_Exercise details_. Pictures stay out of the copy. Retype exactly the lines below from the one with "Tatuaje de duque10" through the one with "prettylights.gif".
BEGIN Dataset extract
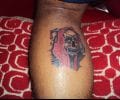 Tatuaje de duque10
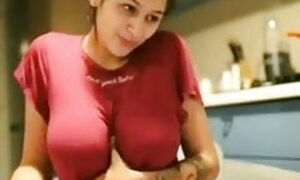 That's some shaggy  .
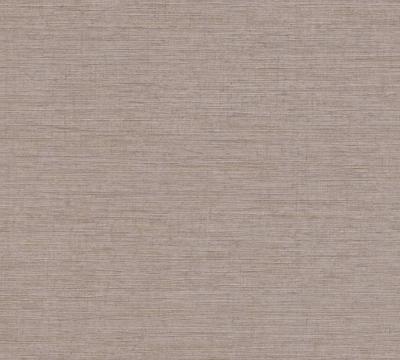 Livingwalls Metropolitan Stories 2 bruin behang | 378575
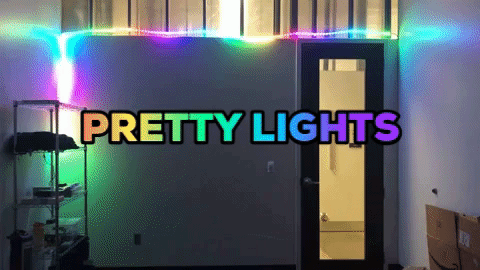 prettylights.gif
END Dataset extract
BEGIN Dataset extract
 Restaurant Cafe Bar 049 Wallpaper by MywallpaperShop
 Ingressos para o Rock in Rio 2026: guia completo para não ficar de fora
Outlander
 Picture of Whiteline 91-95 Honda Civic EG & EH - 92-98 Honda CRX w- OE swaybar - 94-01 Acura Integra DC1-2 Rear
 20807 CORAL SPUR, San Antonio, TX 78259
END Dataset extract
_Your solution_.
 Tatuaje de duque10
 That's some shaggy  .
 Livingwalls Metropolitan Stories 2 bruin behang | 378575
 prettylights.gif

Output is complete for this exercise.